Overall the trust, which runs a range of community services including seven community hospitals, was rated “requires improvement” by the Care Quality Commission following a series of inspection visits this summer.
In particular, the trust was told to take action to ensure appropriate staffing and skills mix in its minor injuries and illness units.
“We were concerned that some patients waited too long to be assessed by a registered nurse on arrival and that unregistered practitioners were undertaking this task without adequate training or supervision,” said inspectors who concluded safety in urgent care was “inadequate”.
“We were concerned some patients waited too long to be assessed by a registered nurse and unregistered practitioners were undertaking this task without adequate training”
While the inspection team rated the trust “good” overall for being caring, it flagged up staffing challenges in all its services.

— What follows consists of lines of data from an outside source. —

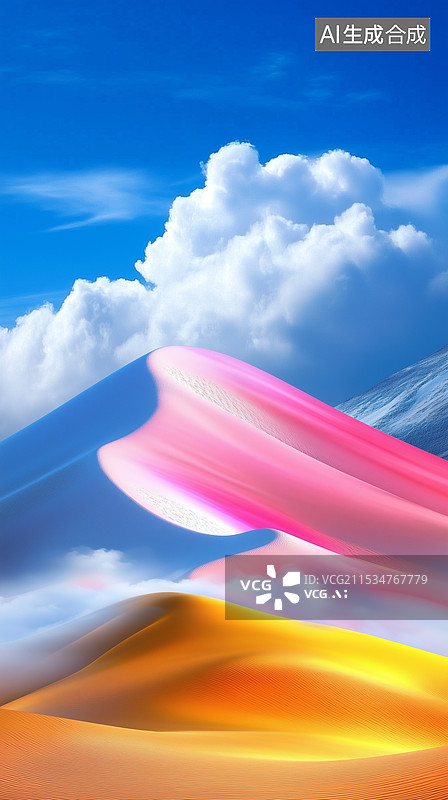 【AI数字艺术】梦幻彩色沙丘图片素材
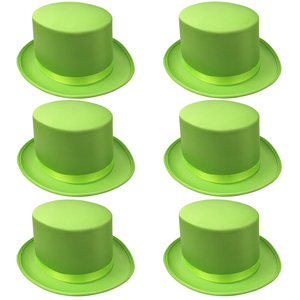 6x SATIN TOP HAT Costume Party Cap Fancy Dress Trilby Fedora One Size BULK Light Green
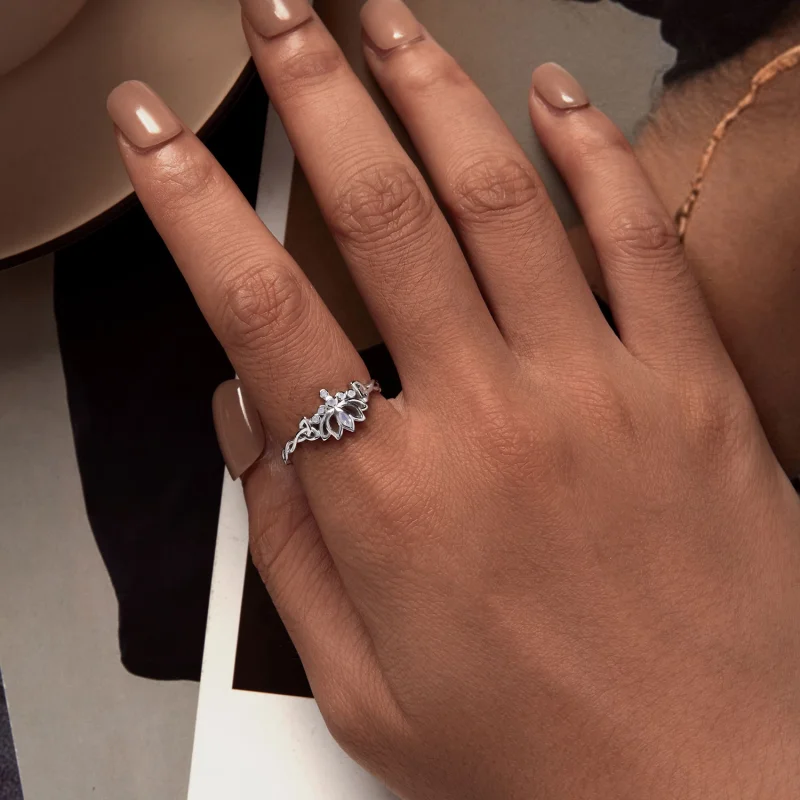 (image for) Pandora Style Lotus Ring - BSR487 - View 5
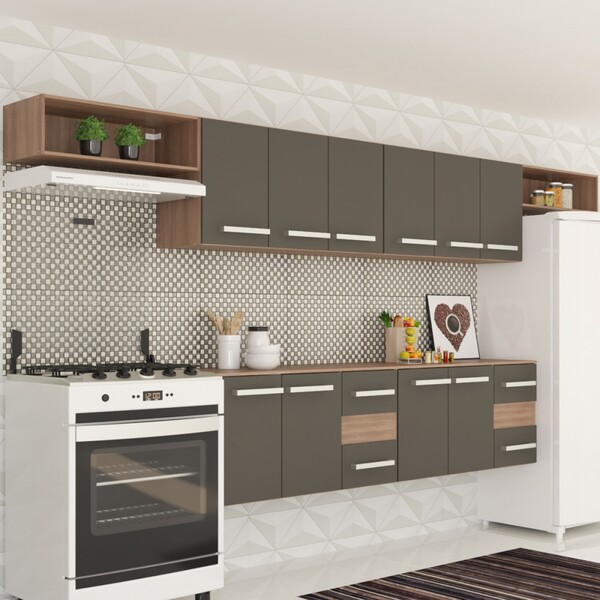 Cozinha Completa Alice 10 Portas 4 Gavetas Castanho/preto - P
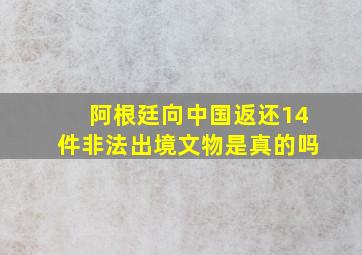 阿根廷向中国返还14件非法出境文物是真的吗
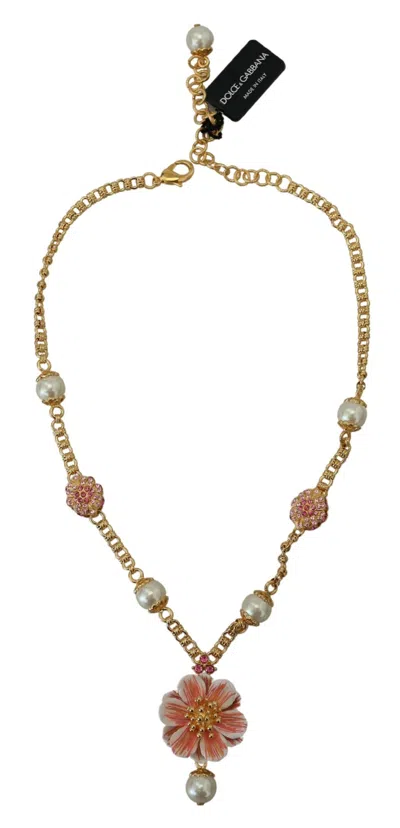 Dolce & Gabbana Gold Tone Floral Crystals Pink Embellished Necklace In Gold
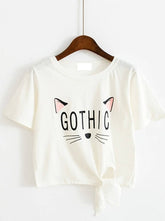 Cat printed women cute short sleeve tie design T-shirts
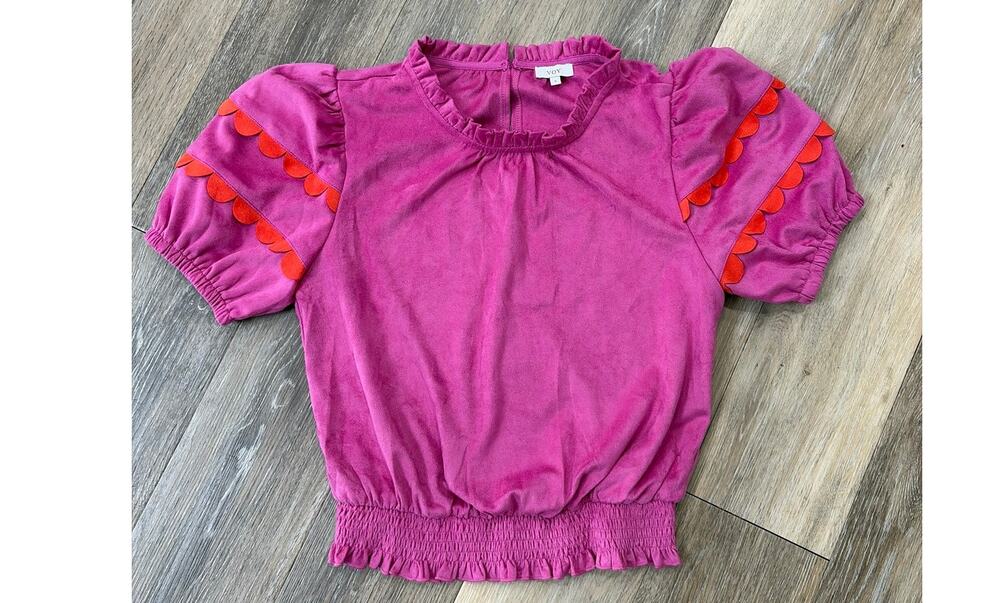 VOY Women’s Small Puff Sleeve Smocked Top Pink Red Scallop Trim Cottagecore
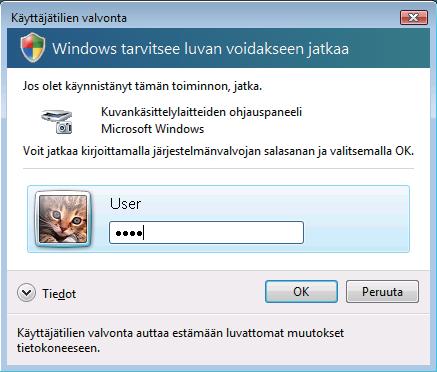 (Windows 7) Jos olet kirjautunut järjestelmänvalvojana, napsauta Kyllä.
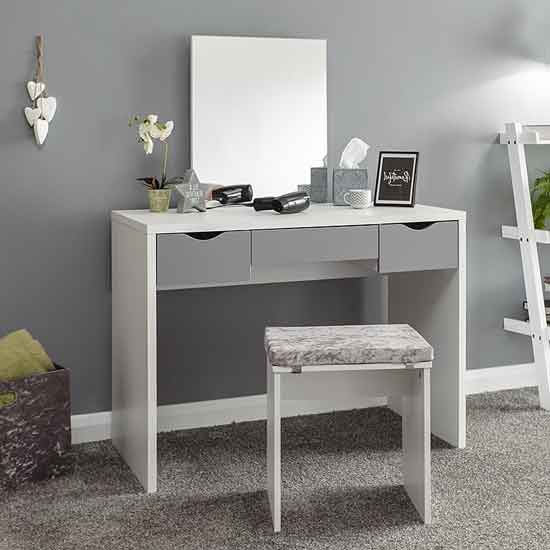 Elstow Wooden Dressing Table Set In White And Grey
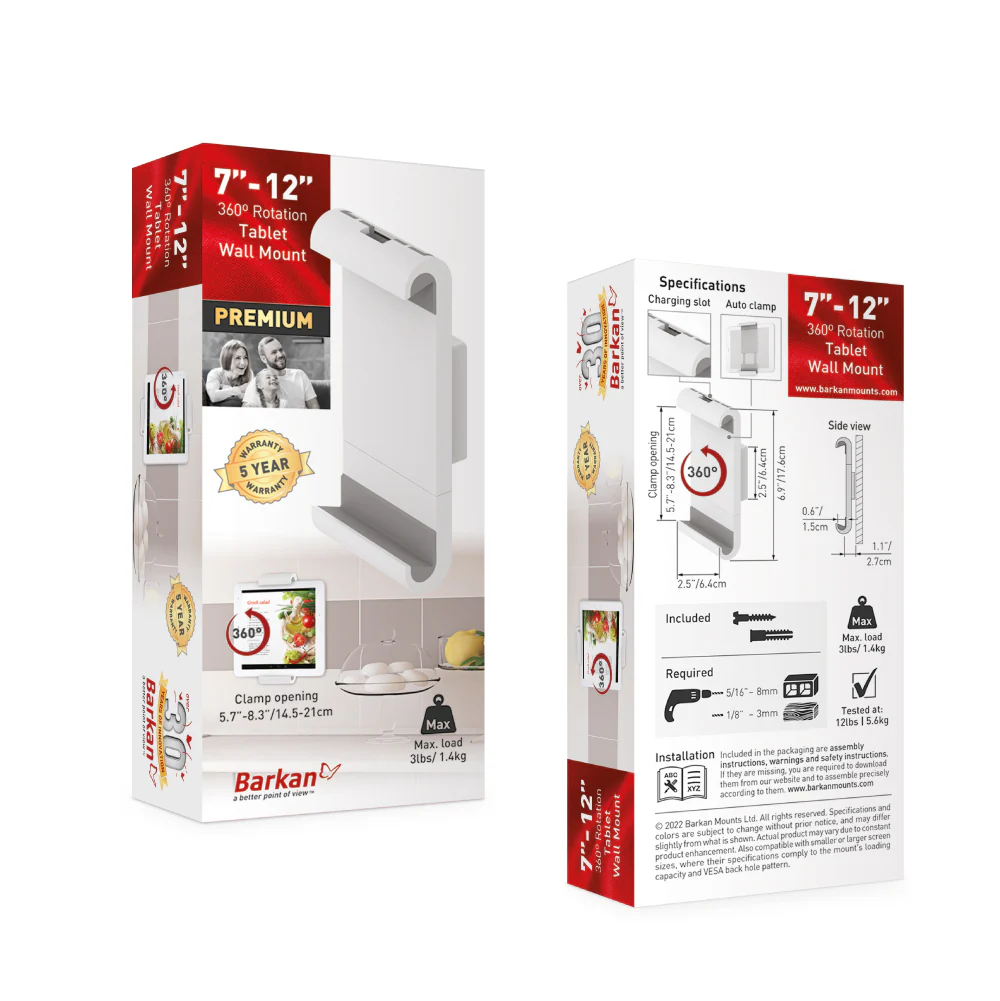 Barkan 7" - 12" 360-Degree Rotation Tablet Wall Mount - Image 6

The CQC found the trust was struggling to recruit enough nurses, especially senior band 6 district nurses and senior community nurses, and vacancies had increased in the six months leading up to the inspection.
“There was also an issue with nurse retention,” stated the regulator’s inspection report on the trust.
However, it noted that the trust was taking steps to address the staffing issues, including reviewing job descriptions, centralising recruitment and running preceptorship and return to practice schemes.
Meanwhile, it was using bank and agency staff to ensure maintain safe staffing levels.
Inspectors also identified several areas of outstanding practice, such as the trust’s approach to preventing falls both in terms of leadership and practical solutions.
For example, nurses on Jubilee ward at Stroud Hospital have a “tag” system in place in one bay reserved for patients who need extra support and monitoring.
“This system ensured that a member of staff was always present in the bay and could not leave until ‘tagged’ by another member of staff,” said the CQC report.
“This was to help reduce the incident of falls and to observe patients who were confused,” it said.
“All our healthcare assistants were told to cease any activity that resonated with triage”
Susan Field, who was appointed director of nursing this month having been interim director since July, told Nursing Times immediate steps had been taken to address the issue around triage and unqualified staff.
“We did something immediately when it came up during the inspection,” she said. “All our healthcare assistants were told to cease any activity that resonated with triage.
“It was picked up in one unit in particular, but we are working on a detailed action plan with the clinical leads in all units,” she said.
“This includes a review of HCA competencies, a review of their job descriptions and a supporting educational practice programme for HCAs, which is under way at the moment,” she added.